## WHAT YOU NEED TO DO
Please return only the lines between the line with "A pink short-sleeve" and the final line of the entries, both included, and exclude pictures.
━━ GIVEN RECORDS
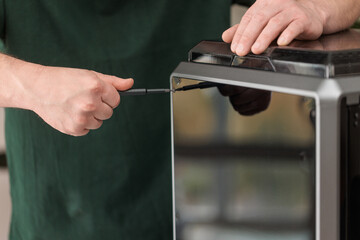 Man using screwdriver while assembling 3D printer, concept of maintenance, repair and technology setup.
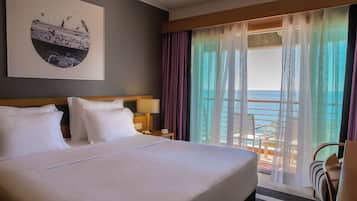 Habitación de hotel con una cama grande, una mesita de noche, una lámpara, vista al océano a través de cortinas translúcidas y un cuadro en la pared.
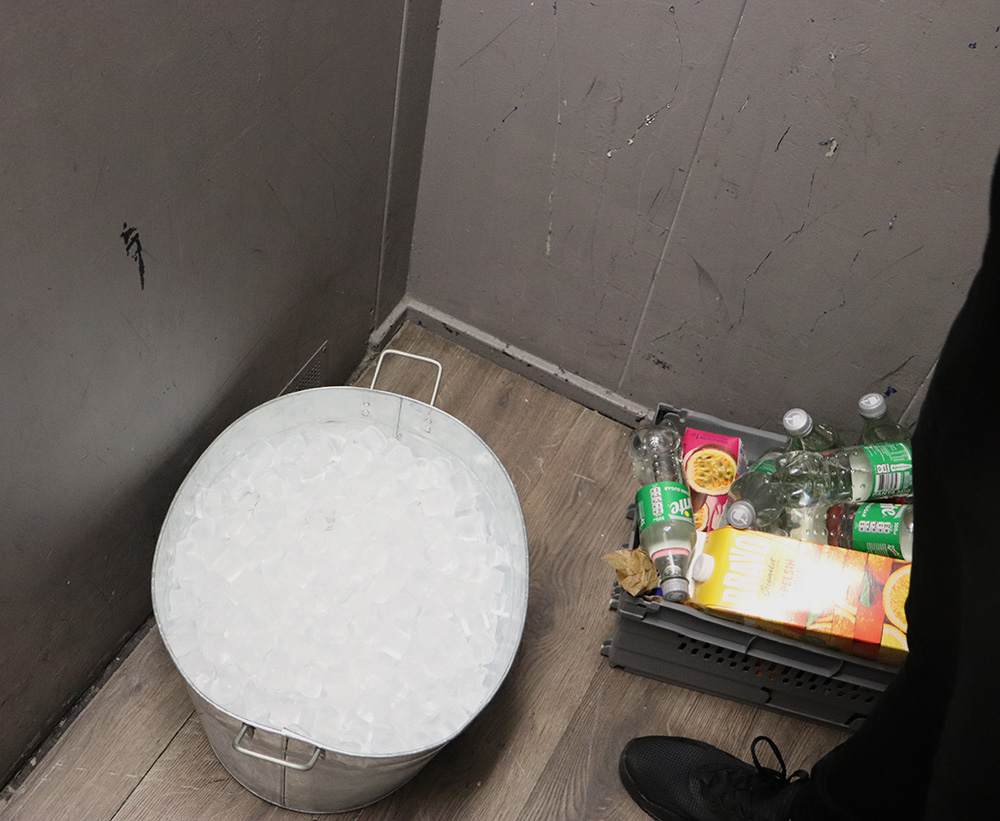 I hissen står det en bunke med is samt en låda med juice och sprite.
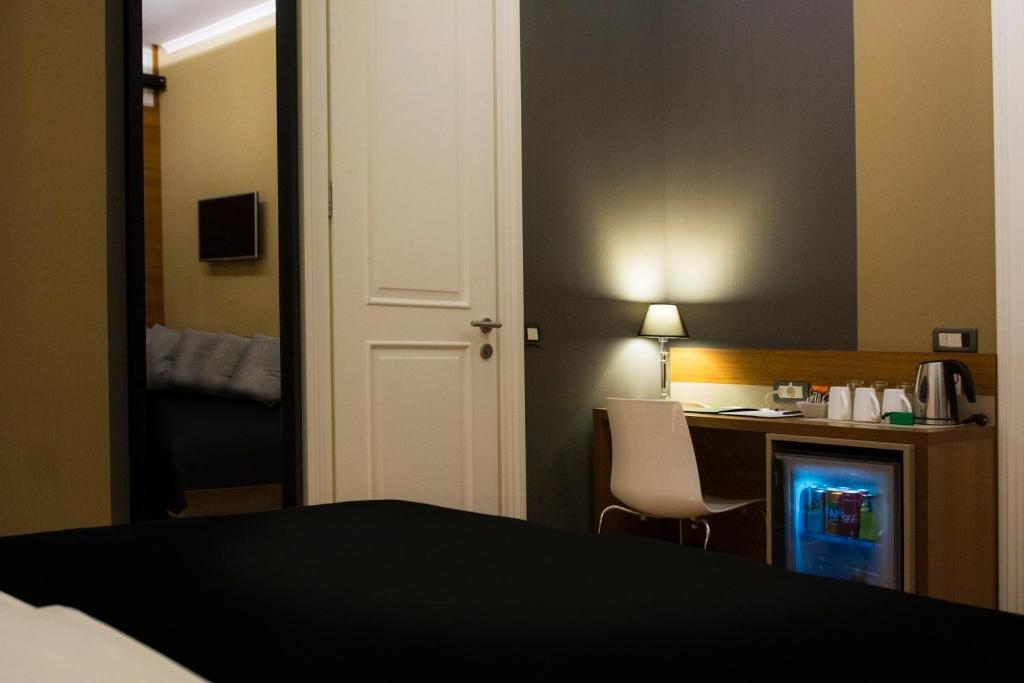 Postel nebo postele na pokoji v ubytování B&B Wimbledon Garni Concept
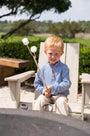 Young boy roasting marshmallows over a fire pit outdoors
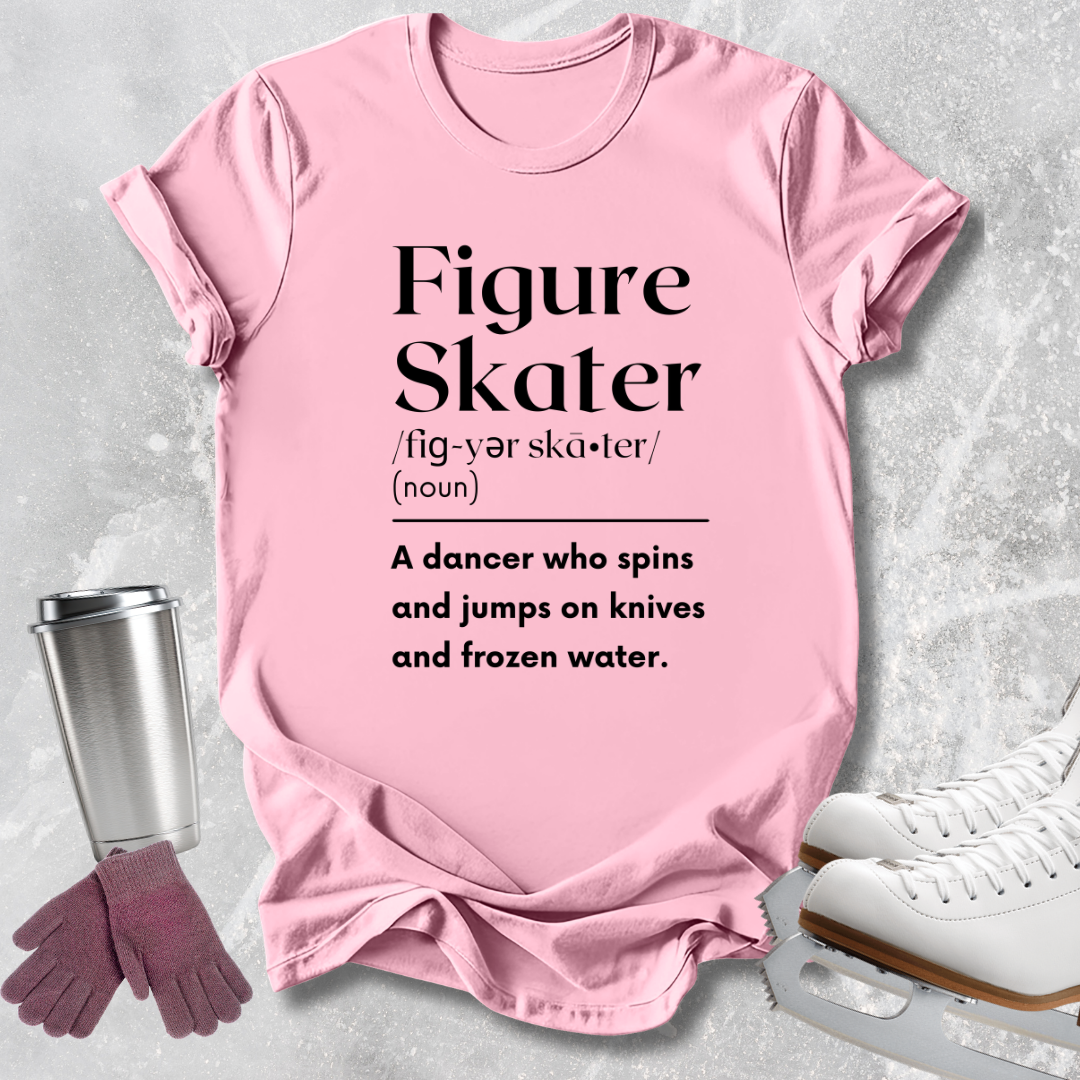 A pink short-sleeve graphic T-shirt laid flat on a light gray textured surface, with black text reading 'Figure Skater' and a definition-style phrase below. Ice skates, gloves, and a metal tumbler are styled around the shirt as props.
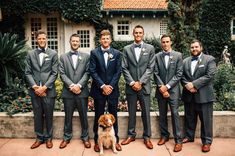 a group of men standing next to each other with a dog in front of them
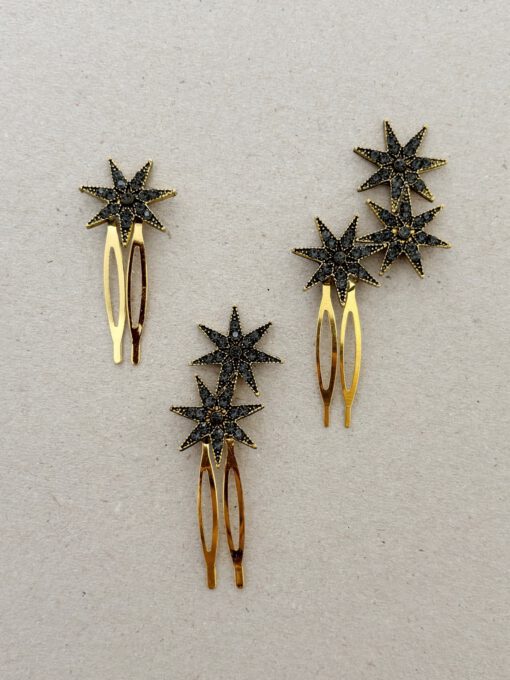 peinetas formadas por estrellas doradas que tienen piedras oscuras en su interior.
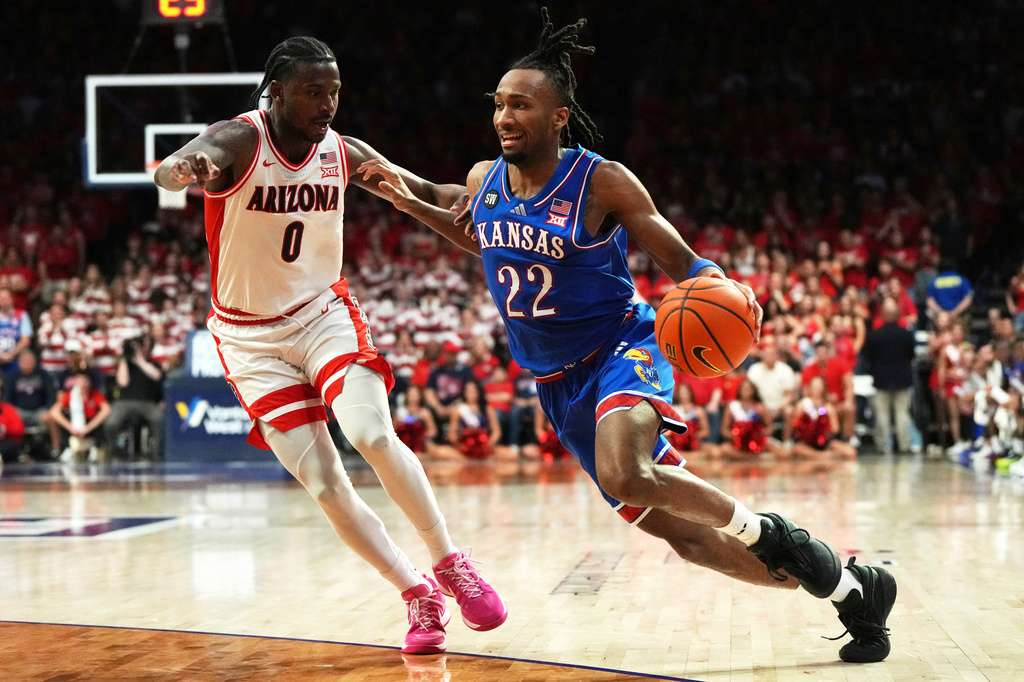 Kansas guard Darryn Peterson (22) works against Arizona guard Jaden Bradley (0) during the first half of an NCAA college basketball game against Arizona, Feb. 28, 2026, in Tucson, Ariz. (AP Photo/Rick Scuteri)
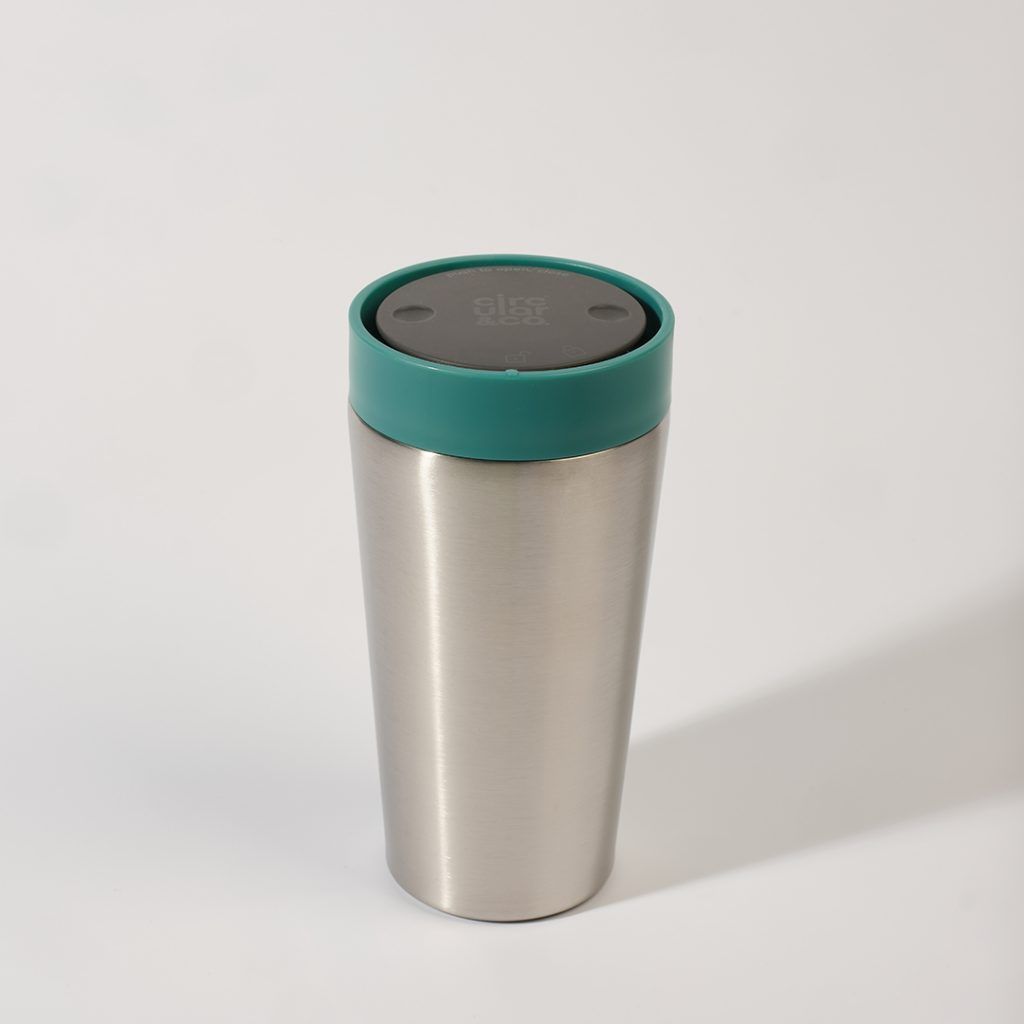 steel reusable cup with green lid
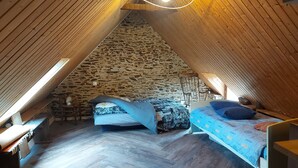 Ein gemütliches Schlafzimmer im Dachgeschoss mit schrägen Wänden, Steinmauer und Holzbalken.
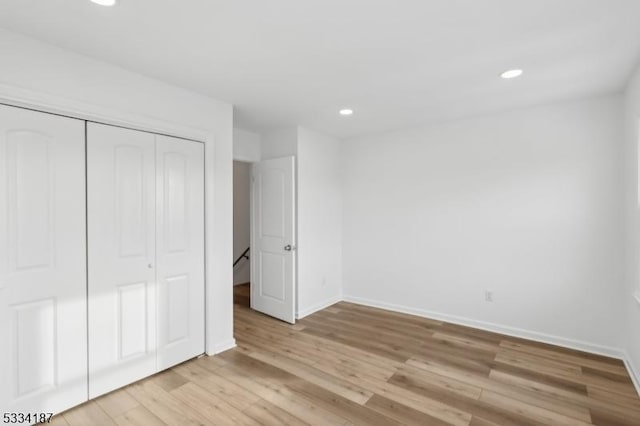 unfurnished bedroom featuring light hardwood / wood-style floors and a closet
━━━━
## COMPLETED EXERCISE
 A pink short-sleeve graphic T-shirt laid flat on a light gray textured surface, with black text reading 'Figure Skater' and a definition-style phrase below. Ice skates, gloves, and a metal tumbler are styled around the shirt as props.
 a group of men standing next to each other with a dog in front of them
 peinetas formadas por estrellas doradas que tienen piedras oscuras en su interior.
 Kansas guard Darryn Peterson (22) works against Arizona guard Jaden Bradley (0) during the first half of an NCAA college basketball game against Arizona, Feb. 28, 2026, in Tucson, Ariz. (AP Photo/Rick Scuteri)
 steel reusable cup with green lid
 Ein gemütliches Schlafzimmer im Dachgeschoss mit schrägen Wänden, Steinmauer und Holzbalken.
 unfurnished bedroom featuring light hardwood / wood-style floors and a closet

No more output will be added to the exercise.